Discretize

image

Discretizes continuous attributes from input data set.

Signals

Inputs:

Attribute-valued data set.

Outputs:

Data set with discretized values.

Description

Discretize widget discretizes continuous attributes with a selected method.

Discretize

  1. The basic version of the widget is rather simple. It allows choosing between three different discretizations.
  2. Entropy-MDL, invented by Fayyad and Irani is a top-down discretization which recursively splits the attribute at a cut maximizing information gain, until the gain is lower than the minimal description length of the cut. This discretization can result in an arbitrary number of intervals, including a single interval in which case the attribute is discarded as useless (removed).
  3. Equal-frequency splits the attribute into the a given number of intervals, so that they each contain approximately the same number of instances.
  4. Equal-width evenly splits the range between the smallest and the largest observed value. Number of intervals can be set manually.
  5. The widget can also be set to leave the attributes continuous or to remove them.

  6. To treat attributes individually, go to Individual Attribute Settings. They show a specific discretization of each attribute and allows to change it. First, the top left list shows the cut-off points for each attribute. In the snapshot we used the entropy-MDL discretization which determines the optimal number of intervals automatically: we can see it discretized the age into seven intervals with cut-offs at 21.50, 23.50, 27.50, 35.50, 43.50, 54.50 and 61.50, respectively, while the capital-gain got split into many intervals with several cut-offs. The final weight (fnlwgt), for instance, was left with a single interval and thus removed.
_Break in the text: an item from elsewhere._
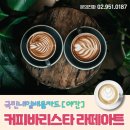 라떼아트 야간 이미지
On the right we can select a specific discretization method for each attribute. Attribute “fnlwgt” would be removed by the MDL-based discretization, so to prevent its removal, we select the attribute and choose, for instance, Equal-frequency discretization. We could also choose to leave the attribute continuous.

  1. Tick 'Send data after every change' for the widget to automatically commit changes. Alternatively press Apply.

Example

In the schema below we show Iris data set with continuous attributes (as in original data file) and with discretized attributes.

image